::: Dataset excerpts :::

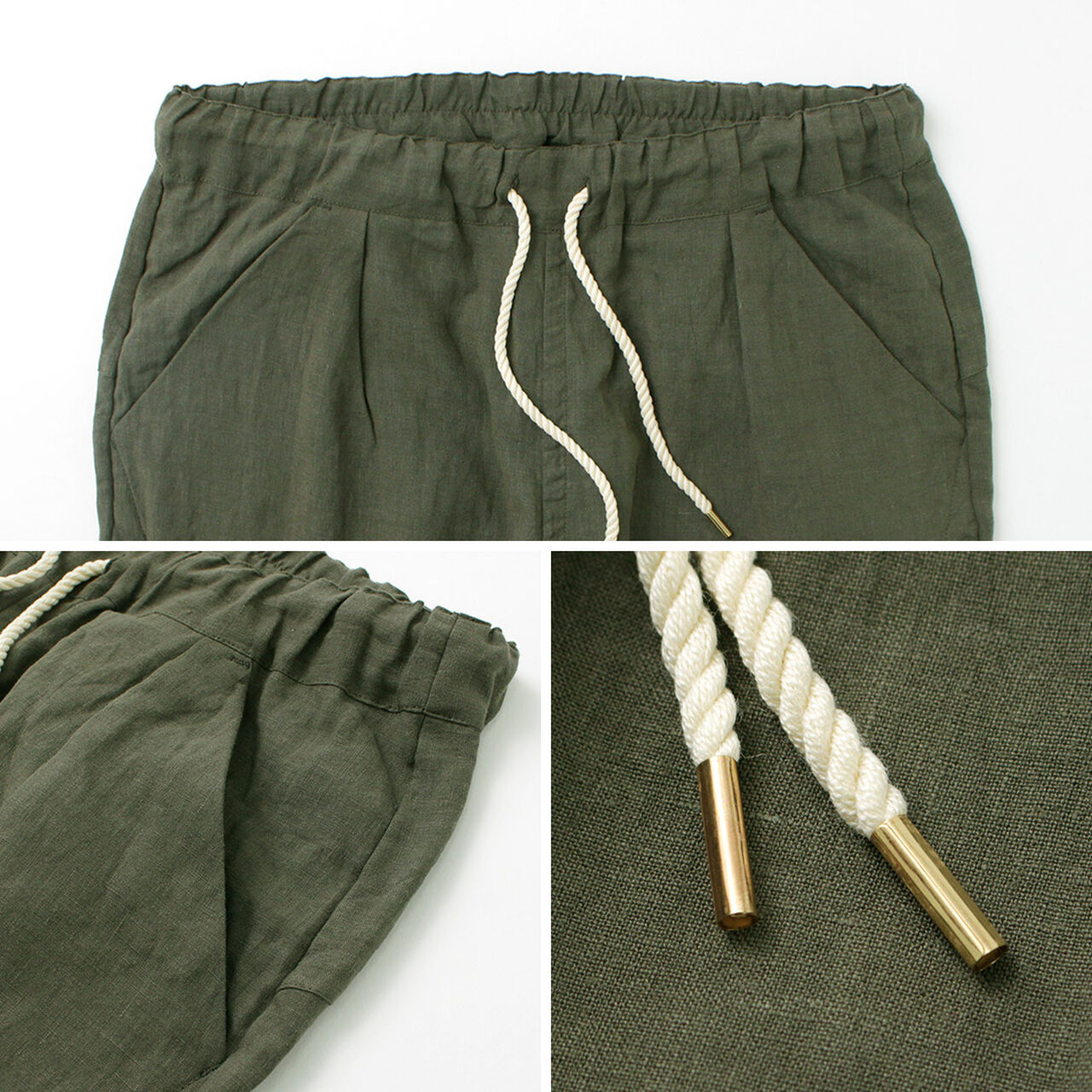 French Linen Tucked Pants,, large image number 12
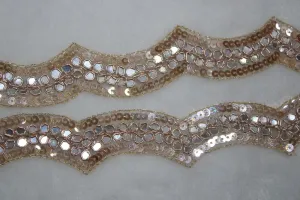Rose Golden Mirror and Sequins Work Embroidered Border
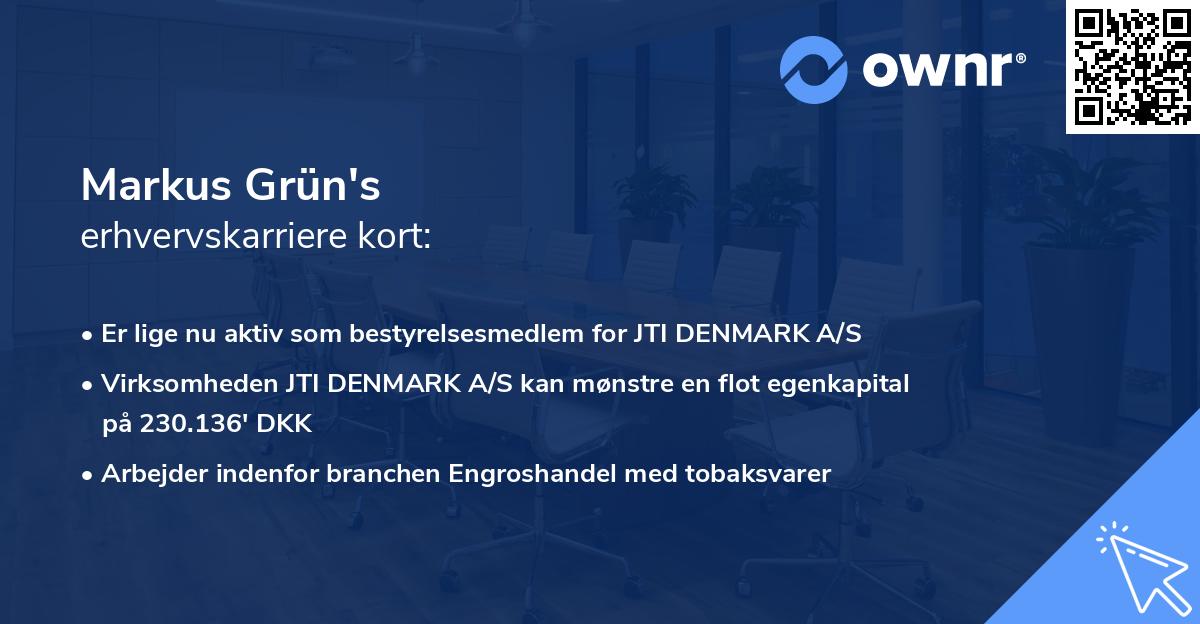Markus Grün's erhvervskarriere kort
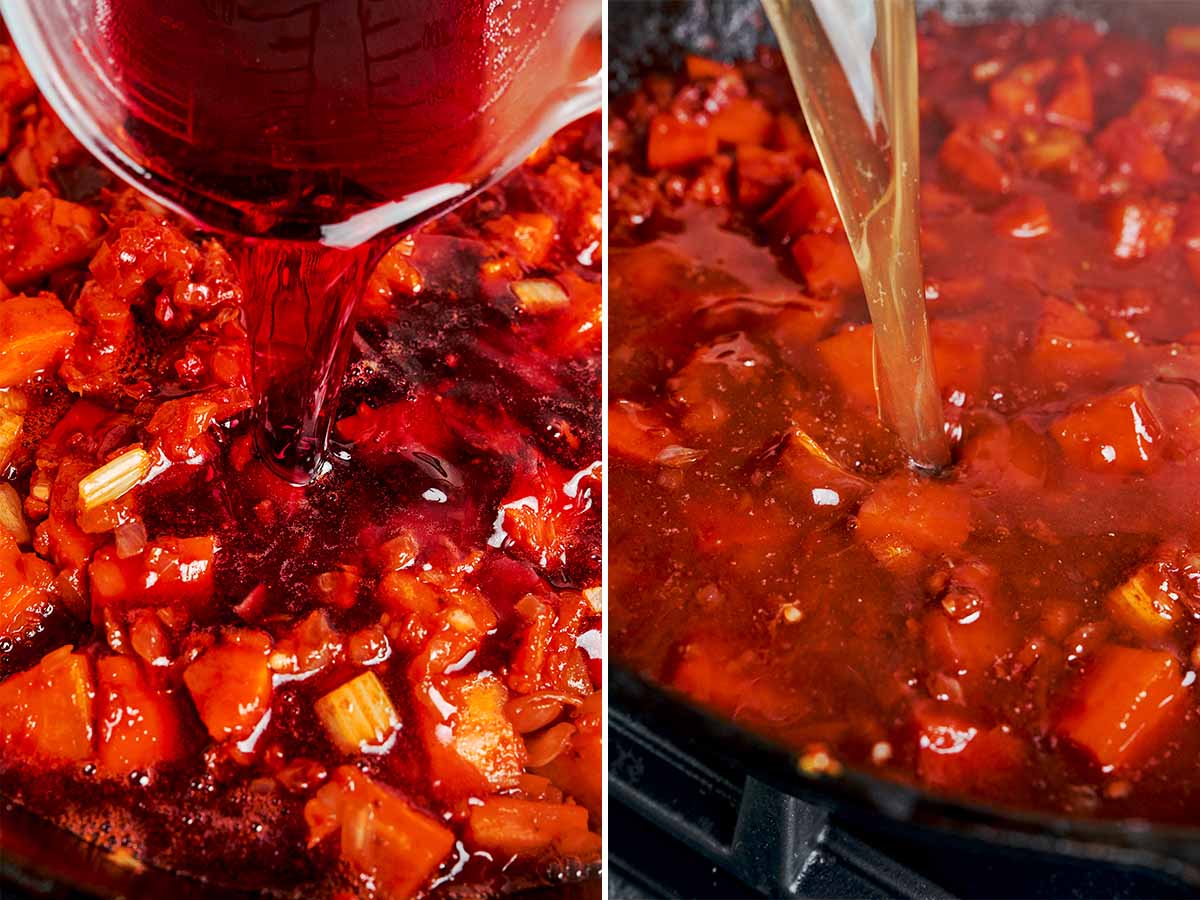 Red wine or pomegranate juice and beef broth poured into the vegetables for a rich classic beef stew sauce.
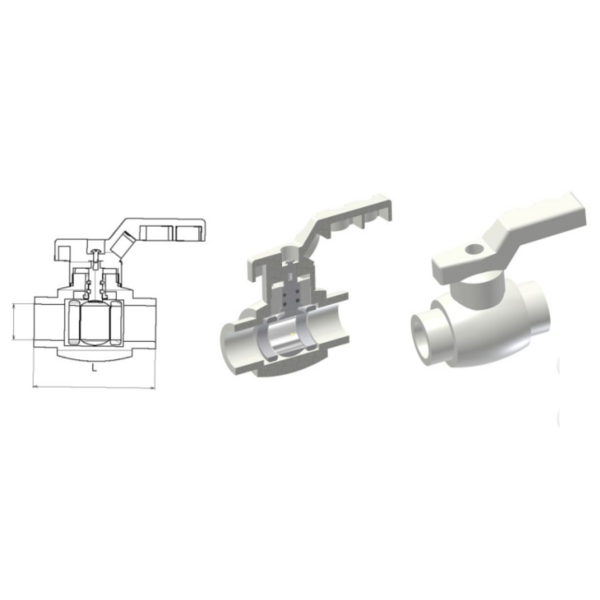 Вентиль ПП 20 шаровый белый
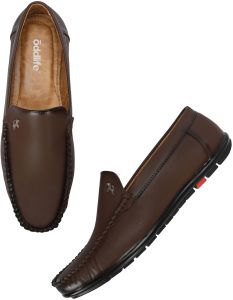 Mens Brown Loafer Logo Slip-On Shoes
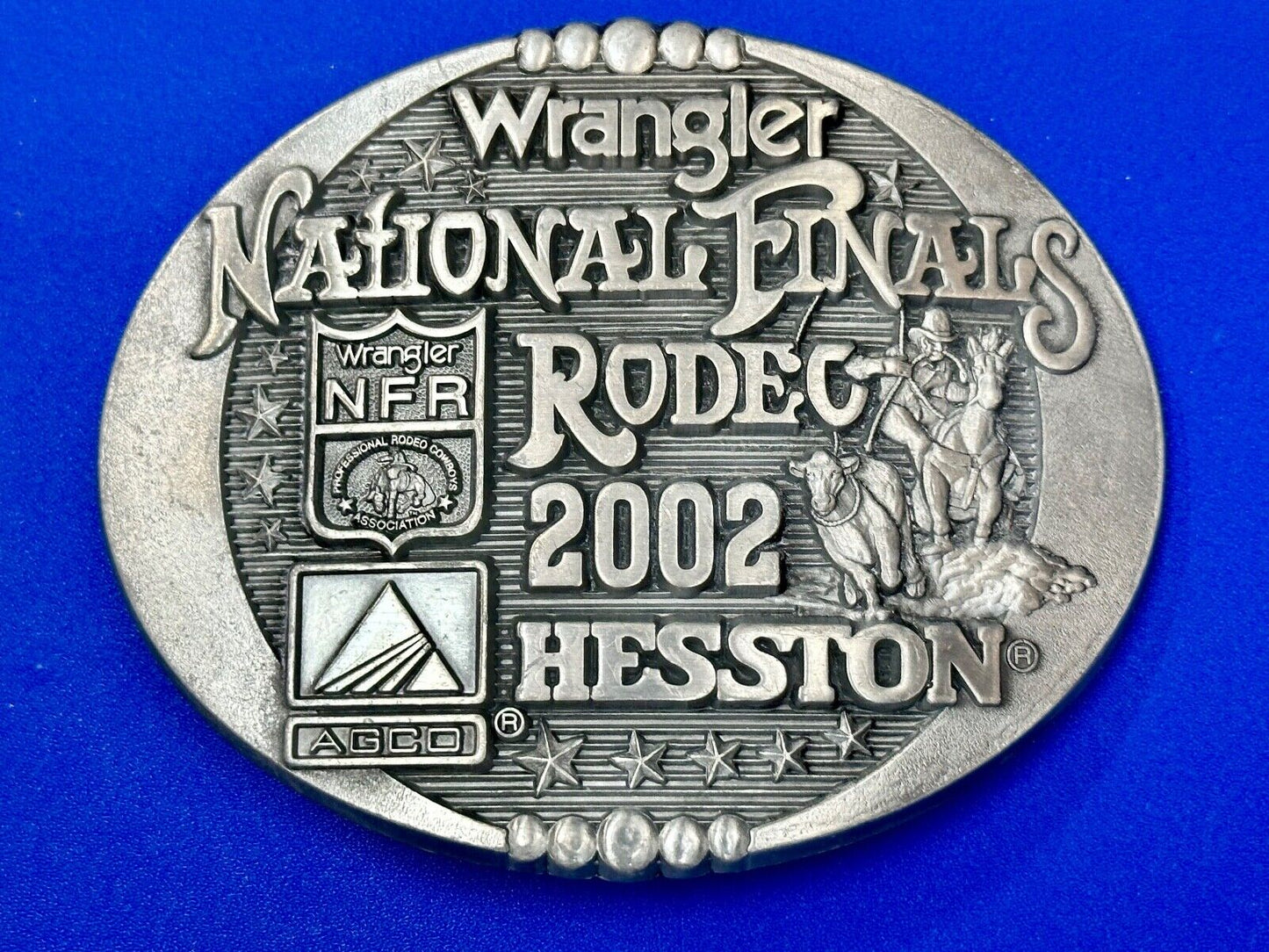 2002 Wrangler Hesston National Finals Rodeo NFR Montana Silversmiths Belt Buckle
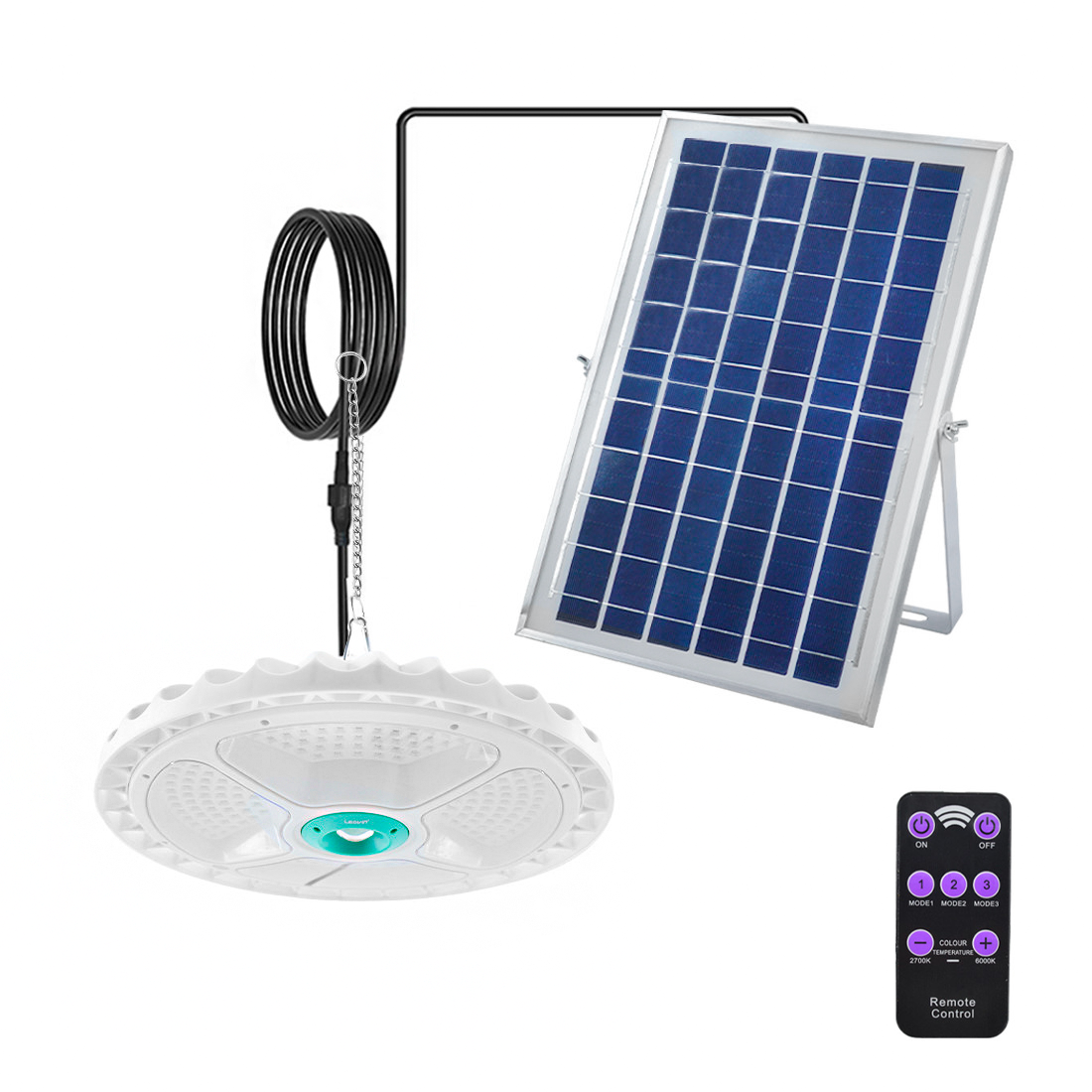 Lampe Plafoniera 156 LED 200W 6000mAh IP66 avec Panneau Solaire et Télécommande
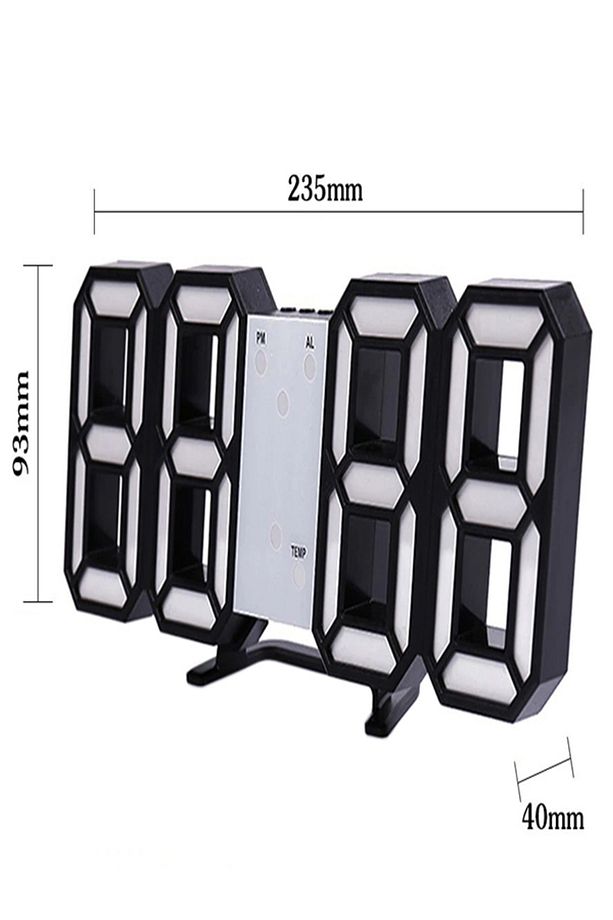 3d Led Dijital Alarm Ve Termometre Takvim Masa Duvar Saati - 2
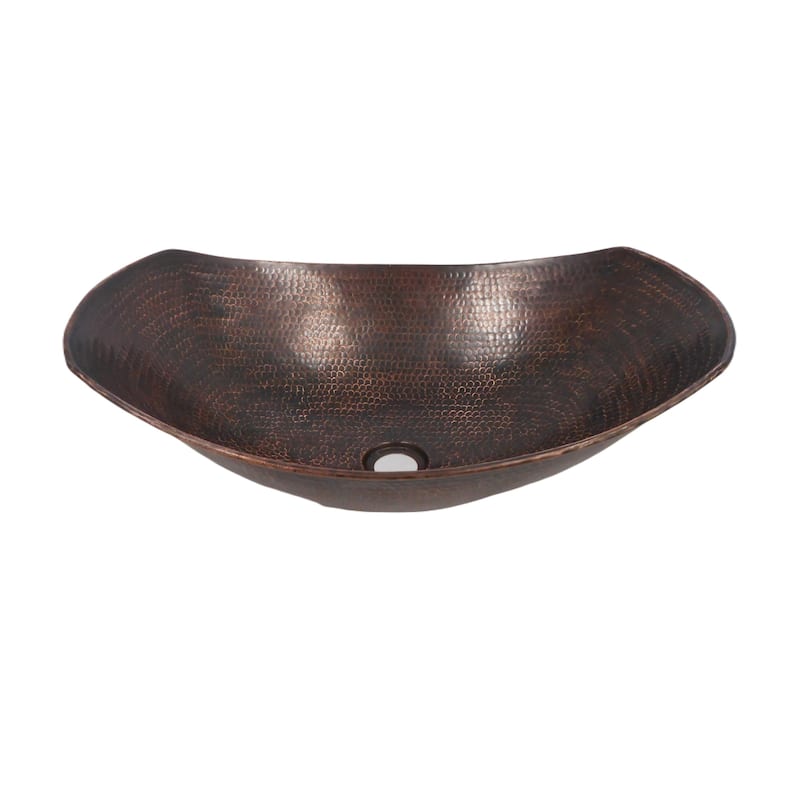 20" Oval Copper Vessel Bathroom Sink Sleigh Style by SimplyCopper - 20" x 14.5" x 5" Center 7" Ends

:::

Problem details: Only the pictures are to be omitted; the records above must otherwise be reproduced exactly.

Exercise result:
 French Linen Tucked Pants,, large image number 12
Rose Golden Mirror and Sequins Work Embroidered Border
Markus Grün's erhvervskarriere kort
 Red wine or pomegranate juice and beef broth poured into the vegetables for a rich classic beef stew sauce.
 Вентиль ПП 20 шаровый белый
 Mens Brown Loafer Logo Slip-On Shoes
 2002 Wrangler Hesston National Finals Rodeo NFR Montana Silversmiths Belt Buckle
 Lampe Plafoniera 156 LED 200W 6000mAh IP66 avec Panneau Solaire et Télécommande
 3d Led Dijital Alarm Ve Termometre Takvim Masa Duvar Saati - 2
 20" Oval Copper Vessel Bathroom Sink Sleigh Style by SimplyCopper - 20" x 14.5" x 5" Center 7" Ends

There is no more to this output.